Field-Aware BM25F Search Engine

ECS736P/U Information Retrieval — Coursework 2

This repository contains the full implementation of a search engine built over the TREC Disk 4 & 5 corpus, including indexing, retrieval, query expansion, and evaluation.

Overview

The system implements:

BM25F (field-aware ranking) over title and body fields
Positional inverted index supporting phrase and proximity search
Phrase and proximity scoring bonuses
Controlled WordNet query expansion with drift filters
Ablation evaluation on 249 TREC Robust04 topics
Streamlit GUI and command-line interface

Dataset & Reproducibility

Due to licensing restrictions, the full TREC Disk 4 & 5 dataset is not included in this repository. The following are excluded:

TREC Disk 4 & 5 corpus files
Prebuilt full index
Qrels and topic files

A lightweight sample dataset (prebuilt index + evaluation files) is provided separately via a OneDrive link included in the submission materials.

Instructions:

Download the sample dataset from the provided OneDrive link
Place the files into the root directory of this project
Run:

run_sample.bat      # Windows
bash run_sample.sh  # Mac / Linux

Setup Instructions

1. Clone the repository

git clone https://github.com/husaam-atq/BM25F_Search_Engine.git
cd BM25F_Search_Engine

2. Install dependencies

pip install -r requirements.txt

3. Download NLTK resources

python setup_nltk.py

4. Add the downloaded data

After downloading from OneDrive (link in submission materials), place the files inside the project folder.

Folder Structure

Sample Mode (recommended for quick testing)

project-folder/
├── app.py
├── ...
├── sample_index/
├── sample_topics.txt
└── sample_qrels.txt

Full Mode (requires full TREC dataset)

project-folder/
├── app.py
├── ...
├── TREC-Disk-4/
│   └── TREC-Disk-4/
│       ├── FT/
│       ├── FR94/
│       └── CR_103RD/
└── TREC-Disk-5/
    └── TREC-Disk-5/
        ├── FBIS/
        └── LATIMES/

Note: The outer folder name does not matter — the code locates the dataset automatically.

Running the System

Sample Mode (FAST — for markers)

Runs instantly using the prebuilt sample data.

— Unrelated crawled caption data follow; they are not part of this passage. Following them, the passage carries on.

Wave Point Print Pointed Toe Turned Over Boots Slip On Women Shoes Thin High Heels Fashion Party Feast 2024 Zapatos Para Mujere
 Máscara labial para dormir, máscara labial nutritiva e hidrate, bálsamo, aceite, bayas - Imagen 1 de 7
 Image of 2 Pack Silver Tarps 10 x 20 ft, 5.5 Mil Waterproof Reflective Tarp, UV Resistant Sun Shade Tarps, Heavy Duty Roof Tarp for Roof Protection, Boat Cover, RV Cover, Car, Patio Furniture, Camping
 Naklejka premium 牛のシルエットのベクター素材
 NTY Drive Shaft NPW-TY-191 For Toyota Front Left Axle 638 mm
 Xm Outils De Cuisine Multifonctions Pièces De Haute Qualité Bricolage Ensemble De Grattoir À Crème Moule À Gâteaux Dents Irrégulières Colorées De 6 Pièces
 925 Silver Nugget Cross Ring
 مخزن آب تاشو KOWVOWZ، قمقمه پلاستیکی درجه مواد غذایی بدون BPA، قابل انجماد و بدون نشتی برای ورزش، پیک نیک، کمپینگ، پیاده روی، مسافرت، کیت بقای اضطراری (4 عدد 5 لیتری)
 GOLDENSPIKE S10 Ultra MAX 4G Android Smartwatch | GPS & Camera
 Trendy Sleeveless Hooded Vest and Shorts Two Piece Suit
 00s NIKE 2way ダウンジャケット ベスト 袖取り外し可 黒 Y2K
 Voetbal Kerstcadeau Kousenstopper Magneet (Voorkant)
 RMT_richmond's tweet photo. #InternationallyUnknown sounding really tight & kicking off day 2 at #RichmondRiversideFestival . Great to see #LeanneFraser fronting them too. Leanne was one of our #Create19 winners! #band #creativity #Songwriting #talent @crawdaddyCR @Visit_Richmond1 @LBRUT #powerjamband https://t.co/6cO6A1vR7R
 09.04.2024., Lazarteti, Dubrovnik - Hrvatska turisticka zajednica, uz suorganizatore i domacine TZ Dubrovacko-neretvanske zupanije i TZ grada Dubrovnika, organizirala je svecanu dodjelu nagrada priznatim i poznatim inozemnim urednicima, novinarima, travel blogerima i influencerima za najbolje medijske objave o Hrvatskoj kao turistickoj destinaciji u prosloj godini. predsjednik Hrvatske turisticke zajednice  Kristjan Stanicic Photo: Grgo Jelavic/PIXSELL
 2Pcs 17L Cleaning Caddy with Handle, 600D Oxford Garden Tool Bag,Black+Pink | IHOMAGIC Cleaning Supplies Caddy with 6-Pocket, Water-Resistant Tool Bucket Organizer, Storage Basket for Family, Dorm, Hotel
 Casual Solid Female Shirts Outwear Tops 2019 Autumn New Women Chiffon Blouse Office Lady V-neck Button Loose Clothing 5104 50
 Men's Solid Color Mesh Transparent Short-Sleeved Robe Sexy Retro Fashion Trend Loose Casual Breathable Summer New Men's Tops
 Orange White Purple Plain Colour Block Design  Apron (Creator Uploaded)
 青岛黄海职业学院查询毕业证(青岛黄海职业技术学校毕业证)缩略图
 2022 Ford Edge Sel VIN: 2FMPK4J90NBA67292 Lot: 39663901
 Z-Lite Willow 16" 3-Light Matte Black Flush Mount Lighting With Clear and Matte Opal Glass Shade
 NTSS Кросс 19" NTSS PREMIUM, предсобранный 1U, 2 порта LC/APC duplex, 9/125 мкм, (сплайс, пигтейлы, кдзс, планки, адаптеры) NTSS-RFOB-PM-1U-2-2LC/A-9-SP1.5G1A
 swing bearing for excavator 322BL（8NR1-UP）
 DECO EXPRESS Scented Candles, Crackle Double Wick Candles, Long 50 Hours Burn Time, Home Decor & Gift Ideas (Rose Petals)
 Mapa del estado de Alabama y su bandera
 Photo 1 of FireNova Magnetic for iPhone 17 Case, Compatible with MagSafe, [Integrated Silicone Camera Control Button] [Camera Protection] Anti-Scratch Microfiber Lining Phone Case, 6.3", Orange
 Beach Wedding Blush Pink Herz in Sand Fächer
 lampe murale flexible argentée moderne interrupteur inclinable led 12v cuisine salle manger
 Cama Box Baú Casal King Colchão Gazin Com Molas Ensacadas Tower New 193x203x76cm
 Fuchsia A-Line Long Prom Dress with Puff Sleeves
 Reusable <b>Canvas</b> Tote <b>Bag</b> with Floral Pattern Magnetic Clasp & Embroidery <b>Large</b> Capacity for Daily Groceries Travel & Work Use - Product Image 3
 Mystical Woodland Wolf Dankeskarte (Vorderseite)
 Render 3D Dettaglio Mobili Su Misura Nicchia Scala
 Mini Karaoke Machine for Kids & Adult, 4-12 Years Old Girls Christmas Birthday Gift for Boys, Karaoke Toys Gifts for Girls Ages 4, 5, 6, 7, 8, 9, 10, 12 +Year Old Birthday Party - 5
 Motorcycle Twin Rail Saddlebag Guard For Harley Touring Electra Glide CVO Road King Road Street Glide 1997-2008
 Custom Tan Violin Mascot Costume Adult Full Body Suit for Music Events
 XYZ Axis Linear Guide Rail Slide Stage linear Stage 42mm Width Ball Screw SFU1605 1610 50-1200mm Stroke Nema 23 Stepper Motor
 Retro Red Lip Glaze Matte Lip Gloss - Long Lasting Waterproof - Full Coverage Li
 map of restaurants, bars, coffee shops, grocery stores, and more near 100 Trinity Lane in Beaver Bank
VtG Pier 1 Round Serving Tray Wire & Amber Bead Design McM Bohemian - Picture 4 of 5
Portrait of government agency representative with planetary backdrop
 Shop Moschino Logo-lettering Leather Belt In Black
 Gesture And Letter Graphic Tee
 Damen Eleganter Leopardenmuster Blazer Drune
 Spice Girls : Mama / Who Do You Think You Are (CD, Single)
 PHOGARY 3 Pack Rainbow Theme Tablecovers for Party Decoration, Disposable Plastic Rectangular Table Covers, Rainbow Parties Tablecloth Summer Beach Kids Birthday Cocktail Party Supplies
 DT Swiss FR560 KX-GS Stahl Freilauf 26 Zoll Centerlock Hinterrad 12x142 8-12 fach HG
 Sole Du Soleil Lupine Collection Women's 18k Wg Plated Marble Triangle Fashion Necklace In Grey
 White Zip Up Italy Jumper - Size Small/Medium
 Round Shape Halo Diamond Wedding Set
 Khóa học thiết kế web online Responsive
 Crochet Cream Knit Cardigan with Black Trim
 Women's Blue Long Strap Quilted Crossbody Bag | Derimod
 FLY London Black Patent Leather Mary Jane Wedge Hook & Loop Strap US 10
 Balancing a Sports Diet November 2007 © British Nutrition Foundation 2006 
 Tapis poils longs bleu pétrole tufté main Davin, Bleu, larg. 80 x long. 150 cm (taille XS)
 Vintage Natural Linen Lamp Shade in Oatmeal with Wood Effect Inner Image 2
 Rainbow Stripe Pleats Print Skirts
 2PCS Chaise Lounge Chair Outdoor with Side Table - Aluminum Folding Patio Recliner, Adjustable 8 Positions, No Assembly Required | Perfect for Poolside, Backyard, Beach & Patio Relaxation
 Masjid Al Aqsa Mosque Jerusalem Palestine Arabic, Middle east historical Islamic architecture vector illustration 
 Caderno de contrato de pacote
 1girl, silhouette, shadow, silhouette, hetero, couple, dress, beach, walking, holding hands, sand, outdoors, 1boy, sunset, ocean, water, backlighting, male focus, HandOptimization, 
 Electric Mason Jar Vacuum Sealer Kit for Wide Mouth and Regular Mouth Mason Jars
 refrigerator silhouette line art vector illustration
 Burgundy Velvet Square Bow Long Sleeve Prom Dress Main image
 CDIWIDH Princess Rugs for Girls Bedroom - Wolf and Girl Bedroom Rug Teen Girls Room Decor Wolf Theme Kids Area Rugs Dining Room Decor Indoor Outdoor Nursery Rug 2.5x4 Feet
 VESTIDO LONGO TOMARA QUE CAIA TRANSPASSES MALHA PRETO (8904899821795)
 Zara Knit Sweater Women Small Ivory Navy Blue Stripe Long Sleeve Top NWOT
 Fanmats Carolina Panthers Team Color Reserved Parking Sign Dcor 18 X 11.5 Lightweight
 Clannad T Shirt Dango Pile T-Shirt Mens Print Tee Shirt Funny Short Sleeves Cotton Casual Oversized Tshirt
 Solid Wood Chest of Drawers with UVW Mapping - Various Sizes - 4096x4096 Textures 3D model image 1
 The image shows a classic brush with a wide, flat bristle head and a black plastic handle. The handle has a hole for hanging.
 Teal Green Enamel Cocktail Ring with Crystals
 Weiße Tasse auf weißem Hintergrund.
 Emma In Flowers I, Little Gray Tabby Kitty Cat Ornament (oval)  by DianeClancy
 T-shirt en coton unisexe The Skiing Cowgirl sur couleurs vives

run_sample.bat      # Windows
bash run_sample.sh  # Mac / Linux

Then launch the GUI:

streamlit run app.py

Full Mode (full dataset)

Step 1 — Build the index

python build_index.py

Takes approximately 10–30 minutes. Requires several GB of RAM.

Step 2 — Run the system

streamlit run app.py

or

run_full.bat        # Windows

GUI Usage

The Streamlit interface provides:

Free-text queries
TREC topic picker (auto-fills query from any of the 249 Robust04 topics)
Result cards with source badges and qrels relevance badges (green = relevant)
Query expansion details toggle
On-demand full article loading and plain-text download
Evaluation Results tab with interactive ablation table and bar charts

Command-Line Usage

Interactive mode:

python search.py

Single query:

python search.py "child support enforcement"

Options:

python search.py --top-k 20 "international trade"
python search.py --no-expand "information retrieval"
python search.py --debug "jet aircraft flight"

System Architecture

Offline Pipeline (runs once)

Parsing — parse_docs.py extracts docno, title, and body from all five SGML collections (FT, FR94, CR, FBIS, LA Times) with Latin-1 encoding fallback
Preprocessing — preprocess.py applies lowercasing, tokenisation, stopword removal, and Porter stemming
Indexing — build_index.py builds a positional inverted index using SPIMI (Single-Pass In-Memory Indexing) in 20,000-document chunks with checkpoint/resume support
Statistics — Per-document field lengths and collection-level averages persisted alongside the index

Online Pipeline (every query)

Query preprocessing (same pipeline as documents)
Optional WordNet expansion with drift filters
BM25F scoring + phrase and proximity bonuses
Ranked results returned via GUI or CLI

Retrieval Model

BM25F Parameters

Parameter	Value
K1	1.2
B_TITLE	0.75
B_BODY	0.75
W_TITLE	5.0
W_BODY	1.0

Additional Scoring Signals

Phrase bonus — +1.5 for each pair of consecutive query terms appearing adjacent in a field
Proximity bonus — up to +0.5 per term pair appearing within an 8-word window
WordNet expansion — synonyms added at weight γ = 0.3 with five drift filters (nouns only, IDF threshold, DF cap, co-occurrence requirement, max 3 per term)

Scoring Formula

Score(d, q) =
    BM25F(original terms)
  + 0.3 × BM25F(expanded terms)
  + phrase_bonus
  + proximity_bonus

Evaluation Results

Evaluated over 249 TREC Robust04 topics across six ablation variants.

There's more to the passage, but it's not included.